(YOUR OBJECTIVE)
From the first line to the last, copy the material exactly and leave the pictures out.

(SUPPLIED MATERIAL)
=====

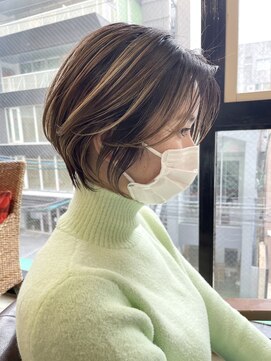 ヌード(NUDE) NUDE#20代30代40代大人ショートボブ ハイライト前髪なしショート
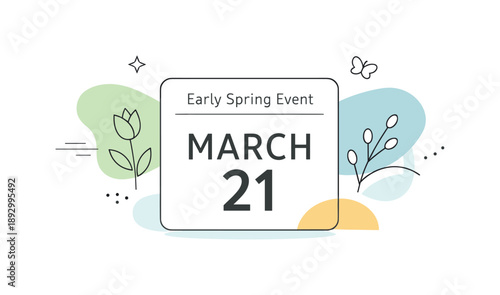 Spring Event Elegance. Early spring event. Abstract forms and gentle linear accents combined with a simple date or event card, reflecting March freshness.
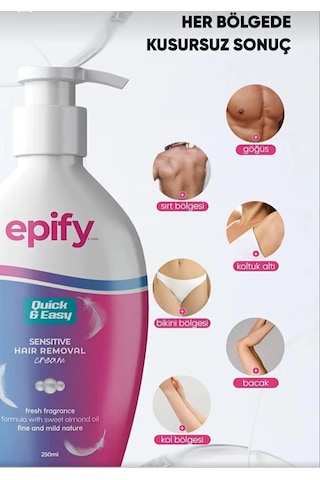 Epıfy Beauty Fast & Clean %100 Organik İçerikli Tüy Dökücü Krem - Hassas Bölgeler İçin Doğal Bakım 250ml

=====

(SOLUTION FOR THIS TASK)
 ヌード(NUDE) NUDE#20代30代40代大人ショートボブ ハイライト前髪なしショート
 Spring Event Elegance. Early spring event. Abstract forms and gentle linear accents combined with a simple date or event card, reflecting March freshness.
 Epıfy Beauty Fast & Clean %100 Organik İçerikli Tüy Dökücü Krem - Hassas Bölgeler İçin Doğal Bakım 250ml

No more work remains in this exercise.